▶ _Task_
Pictures excluded, output exactly the lines from the one containing "Cena do filme" through the last line of the listing below.

▶ _Data segment_
##########
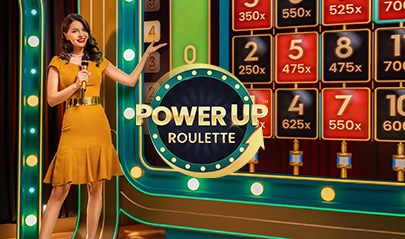 PowerUP Roulette Pragmatic Play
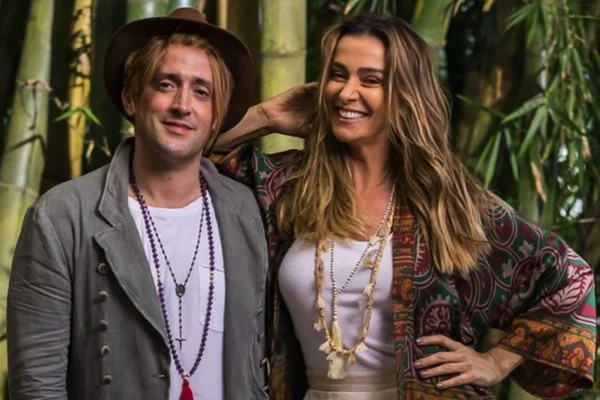 Cena do filme Minha Vida em Marte, com Paulo Gustavo e Monica Martelli - Metrópoles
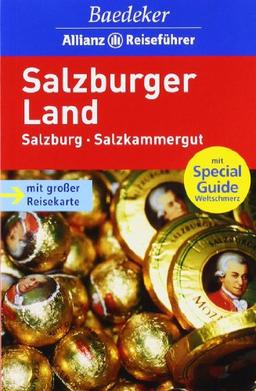 Baedeker Allianz Reiseführer Salzburger Land, Salzburg, Salzkammergut: Mit großer Reisekarte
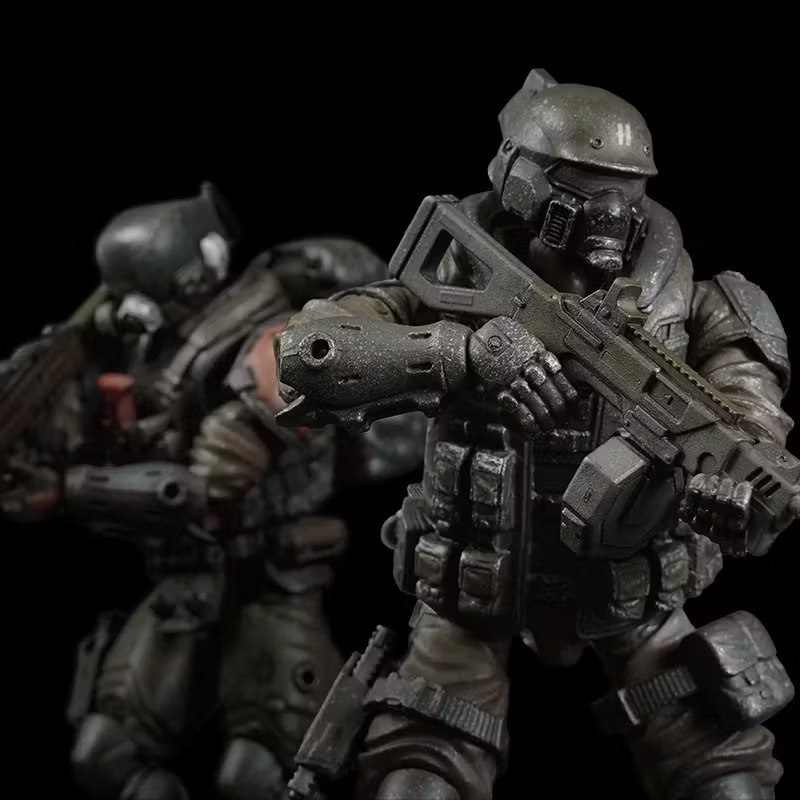 酸雨戰爭Acid Rain World 3.75吋 FAV-A126 海堡突擊兵 Kaiho Commando-細節圖3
##########
▶ _Expected answer_
 Cena do filme Minha Vida em Marte, com Paulo Gustavo e Monica Martelli - Metrópoles
 Baedeker Allianz Reiseführer Salzburger Land, Salzburg, Salzkammergut: Mit großer Reisekarte
 酸雨戰爭Acid Rain World 3.75吋 FAV-A126 海堡突擊兵 Kaiho Commando-細節圖3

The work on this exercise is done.